From automation to self-organization

We will grant it. However, not all agents have the same decision-making power. Because, on the one hand, some elements of the scene are really labeled as static. The mind does not mobilize for one place the vast resources necessary to image another human being. The place is permanent, the human more complicated to update. The stage has its players and furniture.

On the other hand, the representations follow a hierarchy. Raw sensory perceptions are the most servile, rule-abiding agents. No deviation is expected. While conscious agitation is an aristocracy of thoughts that does as it pleases. The place does not allow to predict its choices. It may even decide to do the opposite of what is expected in such a place. Small rebellions provide nice feelings of reward.

This hierarchy between basic and higher representations is the same as between reactive and cognitive agents, between automation and self-organization, or cybernetics of 1st level (Wiener) and second level (Ashby, Maturana, Varela). A reactive agent acts automatically based on the parameters it receives. Simple mirror of these parameters. A cognitive agent has a true representation of its environment and chooses between several options.

Behaviorism vs cognitivism

But the difference seems contentious: the cognitive agent does not choose at random. So it uses hidden parameters. How does it collect them? If they are revealed, doesn’t this make it an automatism determined as the reactive agent? This dispute founded behaviorism, which sees the human mind as a sophisticated automatism, having the appearance of free will only because the number of hidden parameters is immense.

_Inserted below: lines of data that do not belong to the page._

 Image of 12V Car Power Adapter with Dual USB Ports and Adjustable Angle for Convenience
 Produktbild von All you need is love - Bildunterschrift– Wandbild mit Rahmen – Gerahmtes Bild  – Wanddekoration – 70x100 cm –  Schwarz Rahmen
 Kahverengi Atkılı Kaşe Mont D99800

Cognitivism manages to oppose behaviorism by reversing the direction of automatism: it is no longer the parameters that form the representation and trigger the reaction, but the representation that seeks itself in the parameters and reacts if it recognizes itself. The result is the same, do you think? No, there is a fundamental difference: it is now in the identity of the representation, and in the way it was formed, that the result is based. The property of the result changes from the parameters to the representation. Let’s see how everything is turned upside down:

Identity has a temporal dimension

The representation has a history, unlike the instantaneous values of the parameters. It integrates the past, the sequence of previous values. It is not the memory but the synthesis, an identity configuration. Ferment of personality. It is also information independent of all those who constituted it. Some values have changed it, others have not. The representation approximates all the recorded values. Representation also has a future. It is not fixed. Its temporal extent is very different from the perpetual present of instantaneous data.

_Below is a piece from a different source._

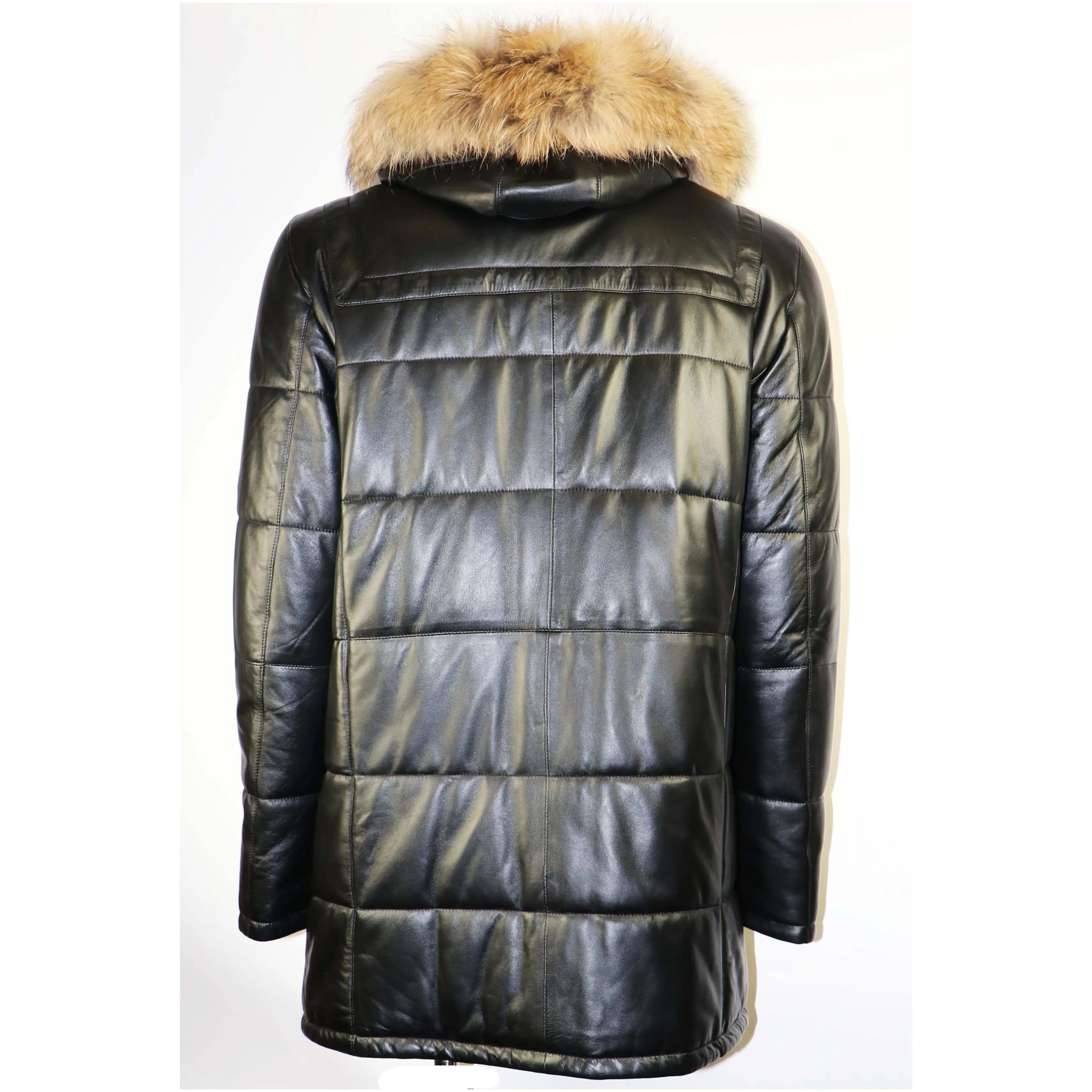 BARYA Men's Leather Bomber Jacket with Real Fur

Why does the reactive agent appear so different from the cognitive agent? An automatism seems as devoid of intention as a rock. The dynamics are on the parameter side. That’s why we make them owners of the result. Error!! Automatism is simply blocked in its evolution because its programmer wanted it that way. Its identity does exist, as with any agent, but it is reduced to a photograph of the programmer’s intention. Isolated, automatism seems involuntary, but place its creator at its side: it suddenly acquires personality. It is indeed a fragment of the will of its author. Far from the passive mechanism that is its usual label.

Freedom for the automaton

Reversing the causal direction of automatism erases the difference between reactive and cognitive agent. The reactive agent is a fixed intention, an isolated cognitive level, with no way to form others. If we allowed it to interact with other agents, the intelligence of the whole would jump immediately.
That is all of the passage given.